Exercise description ->
Within the records below, reproduce without change the lines from the line that has "Ductless Air Conditioner" through the line that has "Foto 20 van Deurningerstraat 20-4", and only those.

Data shown ->
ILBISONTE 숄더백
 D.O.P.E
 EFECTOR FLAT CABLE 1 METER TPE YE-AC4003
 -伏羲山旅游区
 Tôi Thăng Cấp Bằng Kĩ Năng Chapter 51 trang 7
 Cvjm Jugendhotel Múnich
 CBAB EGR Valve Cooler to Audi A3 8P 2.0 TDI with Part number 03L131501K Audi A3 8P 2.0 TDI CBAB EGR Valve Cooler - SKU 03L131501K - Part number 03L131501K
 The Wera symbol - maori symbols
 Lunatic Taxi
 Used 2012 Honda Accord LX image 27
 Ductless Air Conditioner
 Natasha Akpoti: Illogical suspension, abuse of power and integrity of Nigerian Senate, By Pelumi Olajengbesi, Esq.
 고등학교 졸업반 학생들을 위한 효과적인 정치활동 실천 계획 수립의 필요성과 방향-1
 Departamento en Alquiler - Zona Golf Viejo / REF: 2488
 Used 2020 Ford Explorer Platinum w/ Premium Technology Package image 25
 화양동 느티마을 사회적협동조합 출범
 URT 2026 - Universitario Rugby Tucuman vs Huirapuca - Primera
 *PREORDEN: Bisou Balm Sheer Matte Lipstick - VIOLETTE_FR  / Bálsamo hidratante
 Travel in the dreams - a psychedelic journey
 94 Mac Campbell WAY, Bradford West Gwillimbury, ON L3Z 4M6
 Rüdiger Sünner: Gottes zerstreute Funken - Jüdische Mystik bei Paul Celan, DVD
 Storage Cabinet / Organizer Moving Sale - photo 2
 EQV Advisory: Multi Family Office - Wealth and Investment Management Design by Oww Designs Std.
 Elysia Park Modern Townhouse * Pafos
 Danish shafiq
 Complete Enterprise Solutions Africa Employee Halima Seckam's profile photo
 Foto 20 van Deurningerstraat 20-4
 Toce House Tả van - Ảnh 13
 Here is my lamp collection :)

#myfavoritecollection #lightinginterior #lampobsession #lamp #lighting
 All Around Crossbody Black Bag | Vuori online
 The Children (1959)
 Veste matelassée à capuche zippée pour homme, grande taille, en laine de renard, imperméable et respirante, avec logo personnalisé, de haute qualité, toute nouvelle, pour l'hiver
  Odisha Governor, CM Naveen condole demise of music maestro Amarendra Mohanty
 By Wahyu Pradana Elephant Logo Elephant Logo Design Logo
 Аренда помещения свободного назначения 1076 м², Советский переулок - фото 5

Final answer ->
 Ductless Air Conditioner
 Natasha Akpoti: Illogical suspension, abuse of power and integrity of Nigerian Senate, By Pelumi Olajengbesi, Esq.
 고등학교 졸업반 학생들을 위한 효과적인 정치활동 실천 계획 수립의 필요성과 방향-1
 Departamento en Alquiler - Zona Golf Viejo / REF: 2488
 Used 2020 Ford Explorer Platinum w/ Premium Technology Package image 25
 화양동 느티마을 사회적협동조합 출범
 URT 2026 - Universitario Rugby Tucuman vs Huirapuca - Primera
 *PREORDEN: Bisou Balm Sheer Matte Lipstick - VIOLETTE_FR  / Bálsamo hidratante
 Travel in the dreams - a psychedelic journey
 94 Mac Campbell WAY, Bradford West Gwillimbury, ON L3Z 4M6
 Rüdiger Sünner: Gottes zerstreute Funken - Jüdische Mystik bei Paul Celan, DVD
 Storage Cabinet / Organizer Moving Sale - photo 2
 EQV Advisory: Multi Family Office - Wealth and Investment Management Design by Oww Designs Std.
 Elysia Park Modern Townhouse * Pafos
 Danish shafiq
 Complete Enterprise Solutions Africa Employee Halima Seckam's profile photo
 Foto 20 van Deurningerstraat 20-4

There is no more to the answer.